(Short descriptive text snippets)
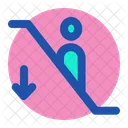 Rolltreppe  Symbol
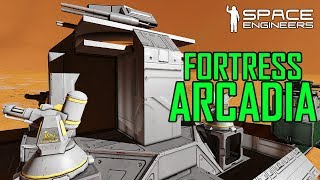 Space Engineers: Gun Running... or is that running from guns? - Uncooperative Survival #63
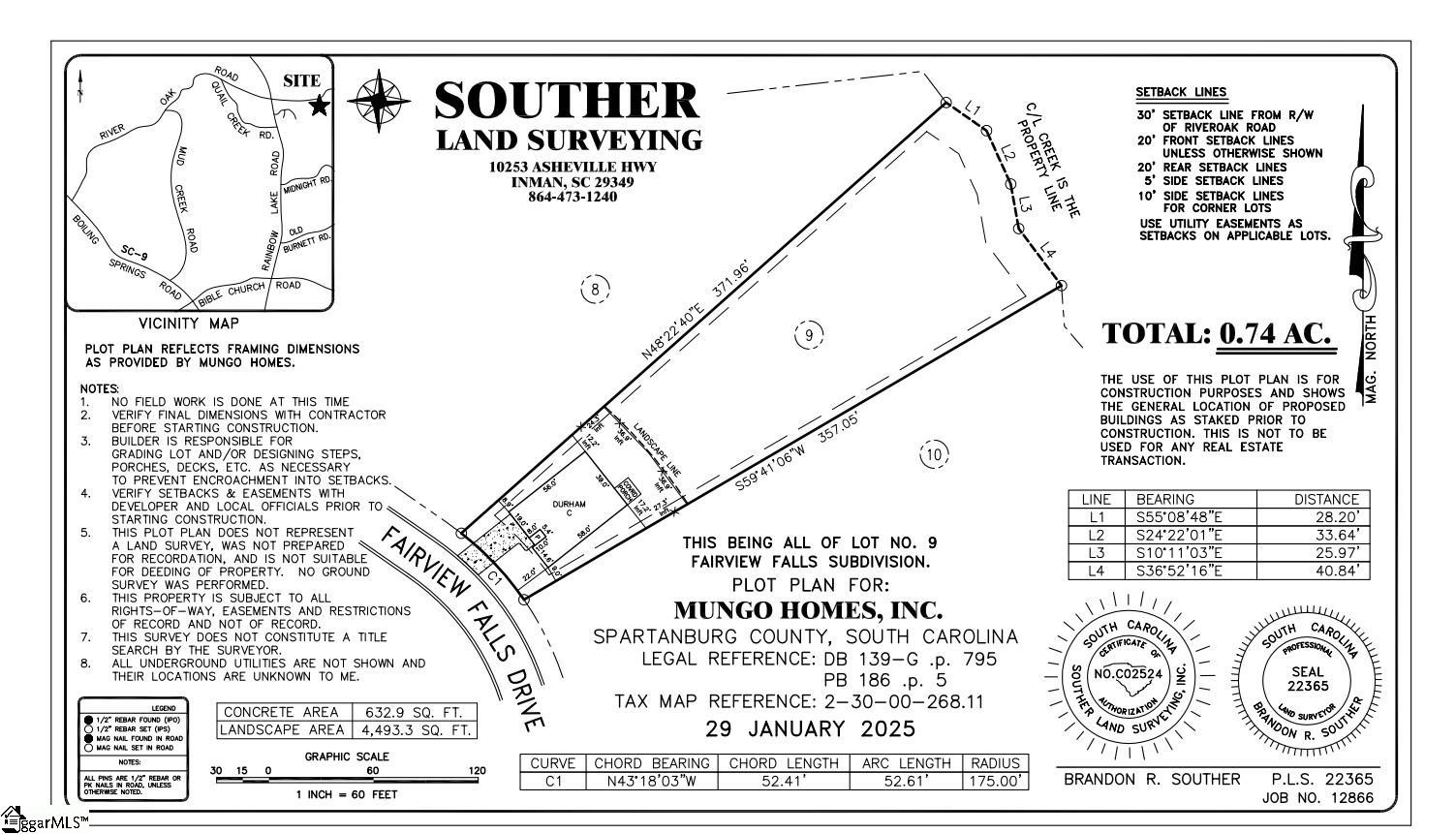 7045 Fairview Falls Drive Chesnee, SC 29323 - Photo 9 of 27
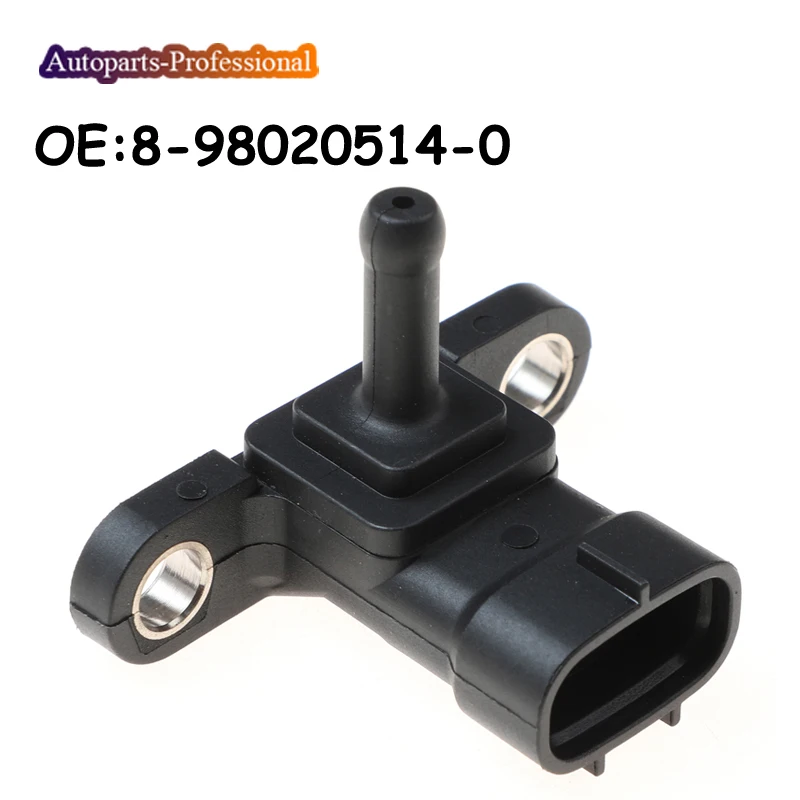 

New 8-98020514-0 8980205140 98020514 For Isuzu D-Max 2.5L 3.0L Intake Air Turbo Boost Pressure MAP Sensor Car accessories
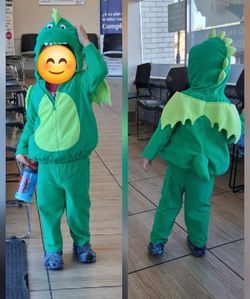 Dinosaur Costume 2T
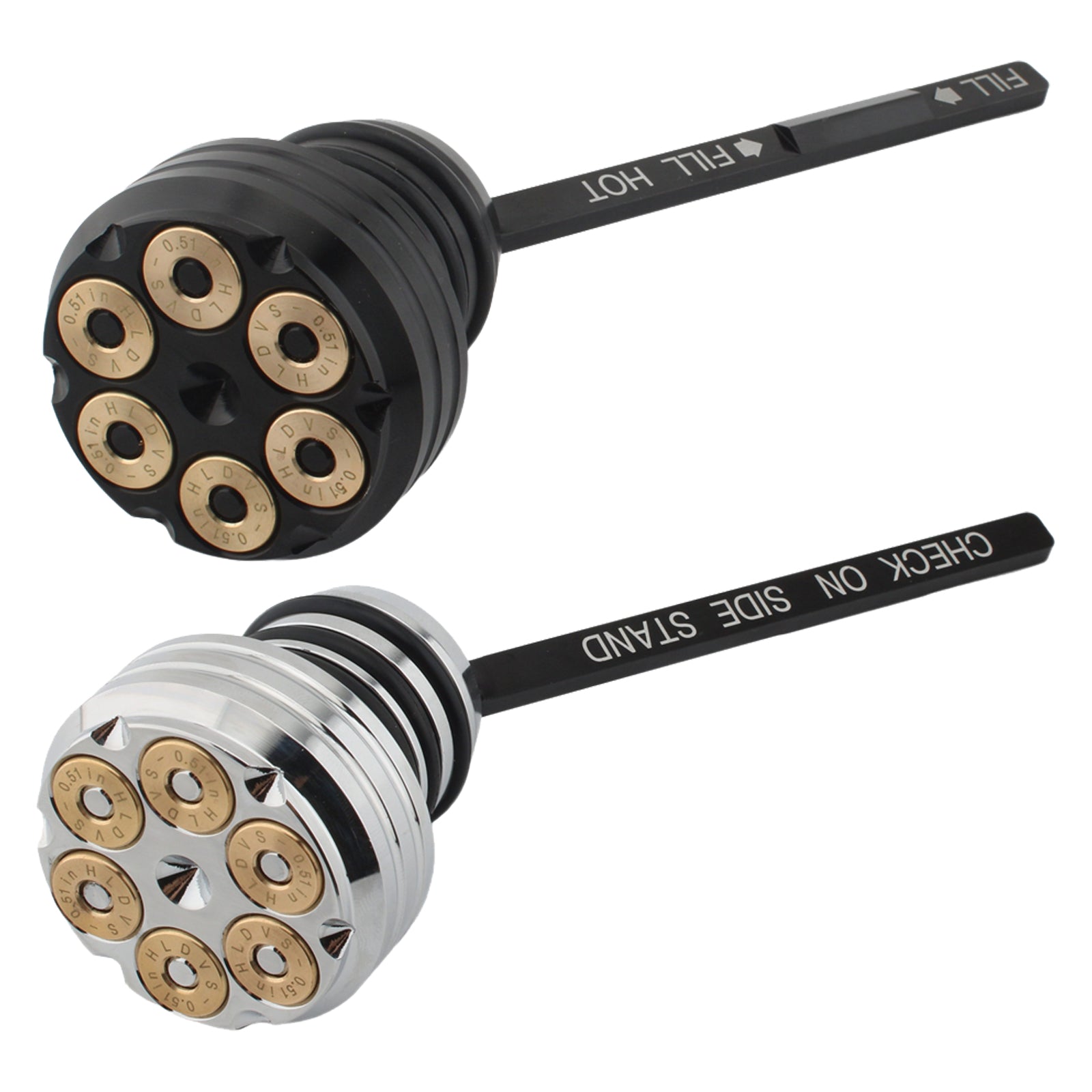 Tapa del tanque de medidor de aceite para Softail 2000-2017 Todos los modelos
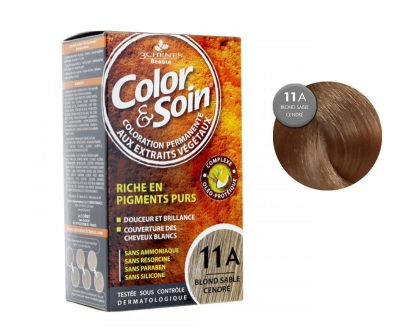 Color and Soin Saç Boyası 11A - Kumsal Sarısı - Color Soin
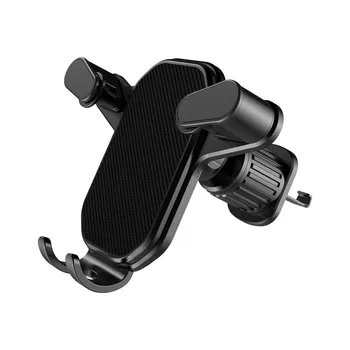 Universal Car Phone Holder With Ventilation Hook For 360 Degree Rotation  Installation Anti Shake Supports All Phone Xiaomi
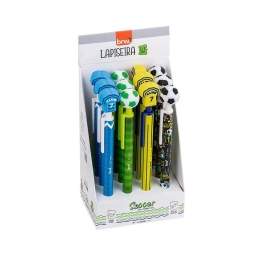 Portaminas 0.7mm BRW Soccer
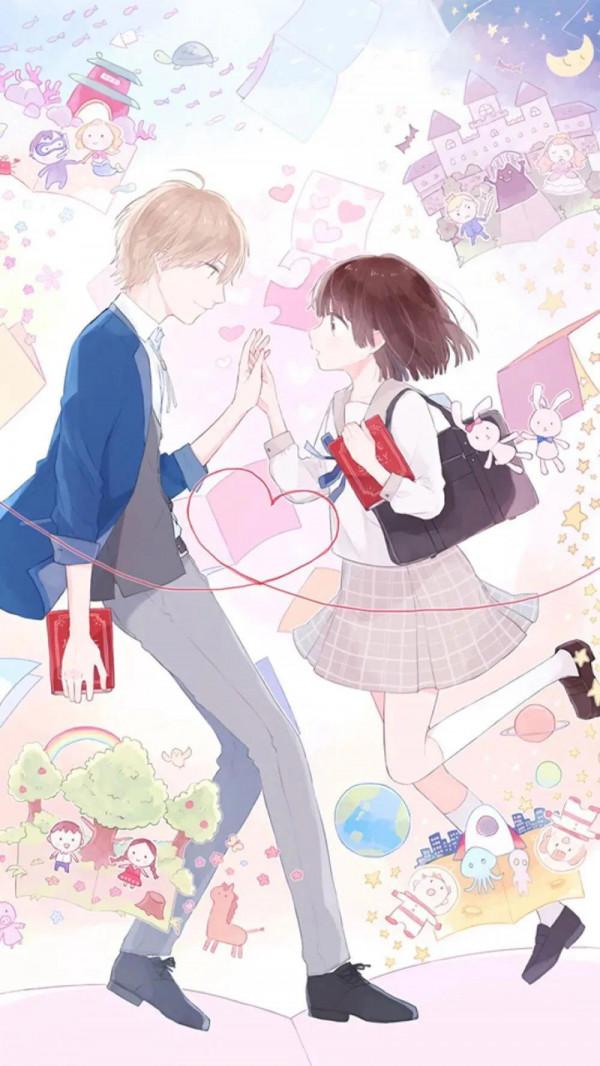 動漫｜卡通｜情侶｜桌布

• Work instructions: For this exercise, set down exactly the lines that run from the line holding "Dinosaur Costume 2T" to the last line of the records above; include both end lines and omit pictures.

• Reply:
 Dinosaur Costume 2T
 Tapa del tanque de medidor de aceite para Softail 2000-2017 Todos los modelos
 Color and Soin Saç Boyası 11A - Kumsal Sarısı - Color Soin
 Universal Car Phone Holder With Ventilation Hook For 360 Degree Rotation  Installation Anti Shake Supports All Phone Xiaomi
 Portaminas 0.7mm BRW Soccer
 動漫｜卡通｜情侶｜桌布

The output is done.